Being diodes, they pass current in only one direction. Normally, they are
wired into DC circuits the "right way around", so that they will operate as
lights without any bother. Nobody in their right mind connects them the
"wrong way around" (unless by mistake).
However! Here we have a use for them in an AC application, in which we can
very usefully exploit the fact that they only pass current in one direction.
If we wire two LED's of different colours (red and green, say) with the
anode of each connected to the cathode of the other, put the parallel
combination in series with a suitable current-limiting resistor, and run the
whole thing from a suitable AC source, this is the result:
In one half of the cycle, the red LED comes on; and in the other half, the
green LED comes on. Only one is ever on at a time; and they are both off for
a moment twice in each cycle as the voltage changes through 0V.

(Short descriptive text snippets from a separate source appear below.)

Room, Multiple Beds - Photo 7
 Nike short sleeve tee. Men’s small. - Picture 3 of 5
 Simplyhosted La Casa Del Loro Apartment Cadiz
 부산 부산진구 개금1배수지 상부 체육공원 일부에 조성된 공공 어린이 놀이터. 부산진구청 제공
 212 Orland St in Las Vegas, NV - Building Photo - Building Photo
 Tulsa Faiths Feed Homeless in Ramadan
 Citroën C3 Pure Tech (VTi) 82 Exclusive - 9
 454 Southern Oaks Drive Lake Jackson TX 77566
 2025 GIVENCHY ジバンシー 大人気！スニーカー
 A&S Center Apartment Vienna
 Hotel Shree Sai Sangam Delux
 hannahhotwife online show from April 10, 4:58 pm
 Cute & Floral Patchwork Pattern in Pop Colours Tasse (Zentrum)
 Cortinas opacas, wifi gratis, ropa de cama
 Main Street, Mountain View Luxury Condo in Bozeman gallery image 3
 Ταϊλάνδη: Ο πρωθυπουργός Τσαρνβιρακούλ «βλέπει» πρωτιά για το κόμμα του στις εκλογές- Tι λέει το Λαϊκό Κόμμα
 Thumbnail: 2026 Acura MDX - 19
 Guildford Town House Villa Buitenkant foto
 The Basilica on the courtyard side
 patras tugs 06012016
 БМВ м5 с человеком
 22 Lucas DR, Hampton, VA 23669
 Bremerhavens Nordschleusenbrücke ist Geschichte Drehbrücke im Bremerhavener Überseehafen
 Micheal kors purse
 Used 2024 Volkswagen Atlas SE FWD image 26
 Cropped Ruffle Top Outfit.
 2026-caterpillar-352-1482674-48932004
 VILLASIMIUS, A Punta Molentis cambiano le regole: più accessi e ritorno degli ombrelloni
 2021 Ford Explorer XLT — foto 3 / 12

A simple circuit like this is very useful for viewing the synchronous wheel.
As it spins, you will still see the four equally-spaced bright spots - just
as under the fluorescent lamp or the neon light - but this time, two of the
spots (diametrically-opposed) are red, and the other two are green. This
emphasizes the fact that the wheel rotates once every two cycles.
If only one LED is connected - say the red one - only two spots will appear,
red in this case, and diametrically-opposed.
These are stroboscopic effects. There's plenty more to be said about
them and done with them. Read on!
Having succeeded in getting the rotor spinning happily at the "normal"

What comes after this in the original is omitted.